The young gunmen said little during the harrowing drive, but spoke Hindi with a strong Punjabi, north-Indian accent.

They scoffed when they saw that the police officers they had killed had been wearing bulletproof vests.

“One of them laughed and said, ‘Look, they’re wearing jackets’,” Jadhav said.

He was in the back seat, with an officer who was unconscious, both left for dead. Jadhav had been hit by three bullets, two of which left his hands nearly paralysed.

At one point, a cellphone trilled from the pocket of Jadhav’s colleague. The gunman in the front seat turned around and fired.

“He didn’t even look back properly, he just fired,” Jadhav said. “I think my colleague had been still alive. He died with those bullets.”

Before the ‘carjacking’, Jadhav and his colleagues — including Hemant Karkare, head of the Anti-Terror Squad — were racing to respond to emergency calls of a shooting inside Mumbai’s main railway station, the attack that began the siege.
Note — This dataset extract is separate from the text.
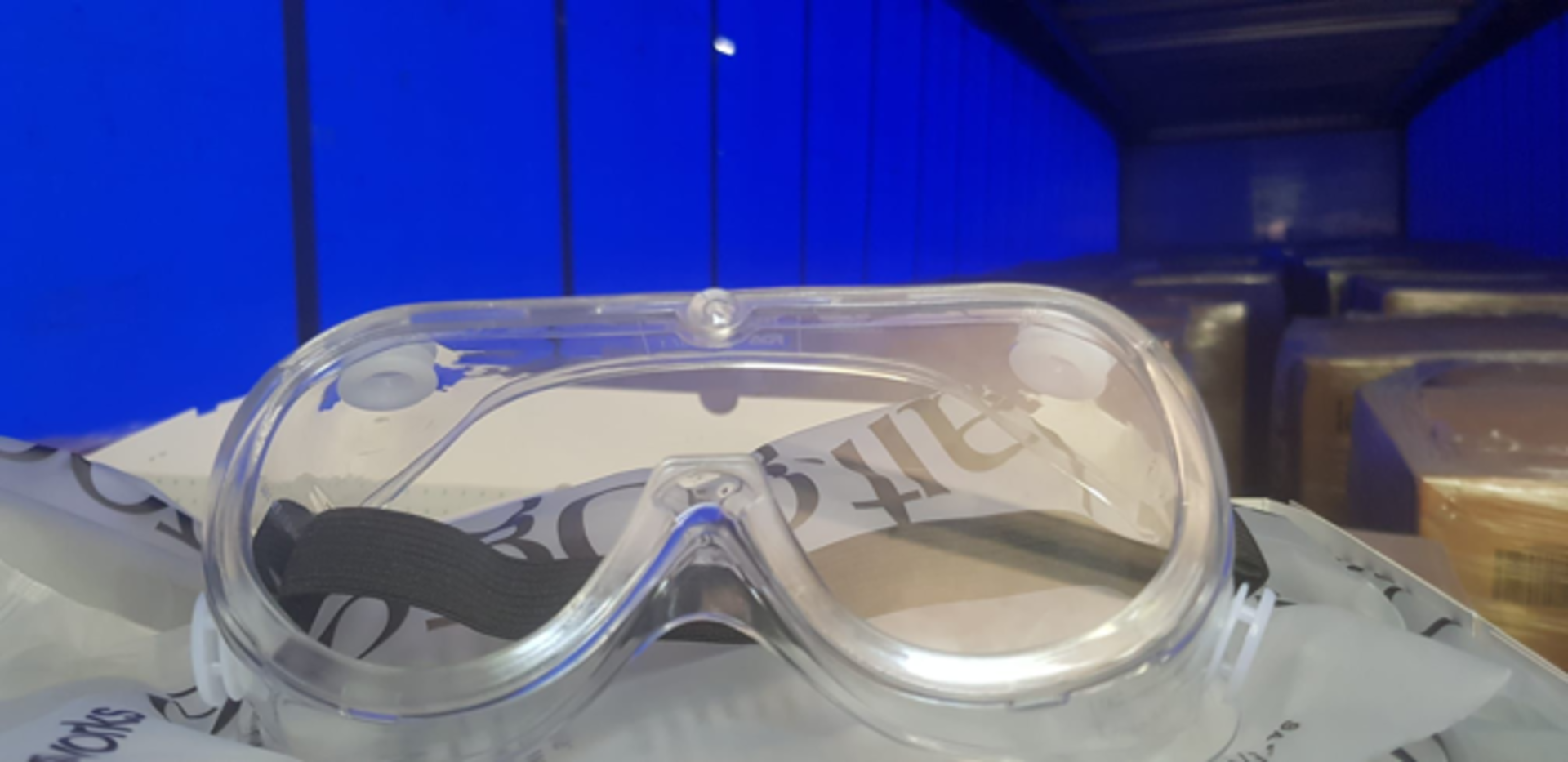 2700 X BRAND NEW LAIFWORKS SURGICAL SAFETY GOGGLES - Image 3 of 3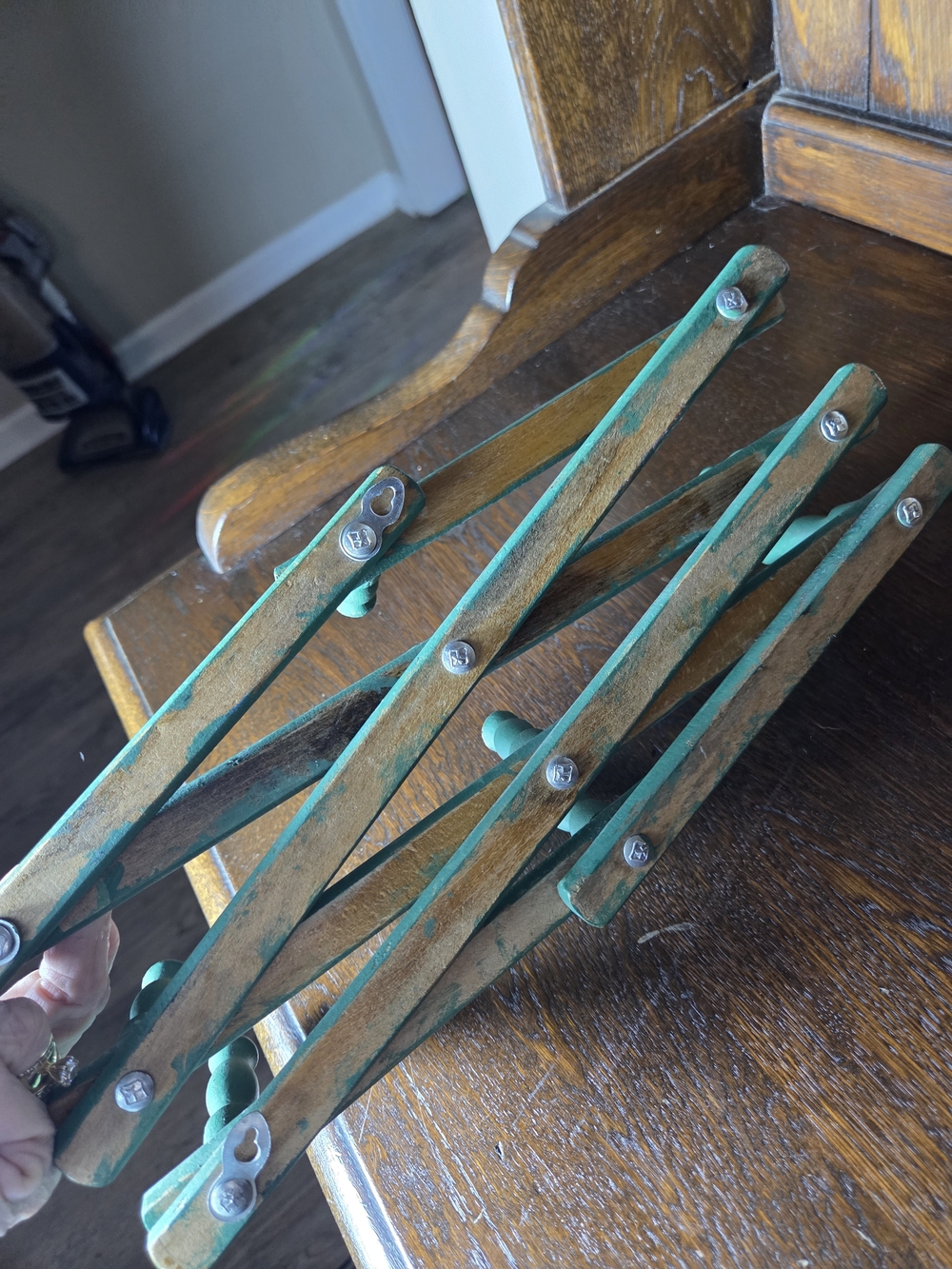 Vintage Turquoise Expandable Wall Hook Rack - Home Wall Decor - Picture 5 of 6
Then a report came in that a car was seen speeding away from the terminal, and Jadhav’s van rushed to follow it.

While they were searching for the gunmen, the gunmen found them.

From his seat, Jadhav could not reach his weapon. “I kept trying to lift my gun, but I couldn’t reach it,” he said.

Finally, one of the van’s tyres went flat, and the gunmen abandoned the vehicle. They stopped another car, pulled out the driver and drove away, he said.

Jadhav climbed forward and used the police radio to call for backup and tell the authorities what direction the gunmen had gone.

Minutes later, a team of officers blockaded a road lining the coast, and opened fire at the hijacked car. One gunman was killed and another arrested — the only militant to be captured during the entire two-and-a-half day ordeal.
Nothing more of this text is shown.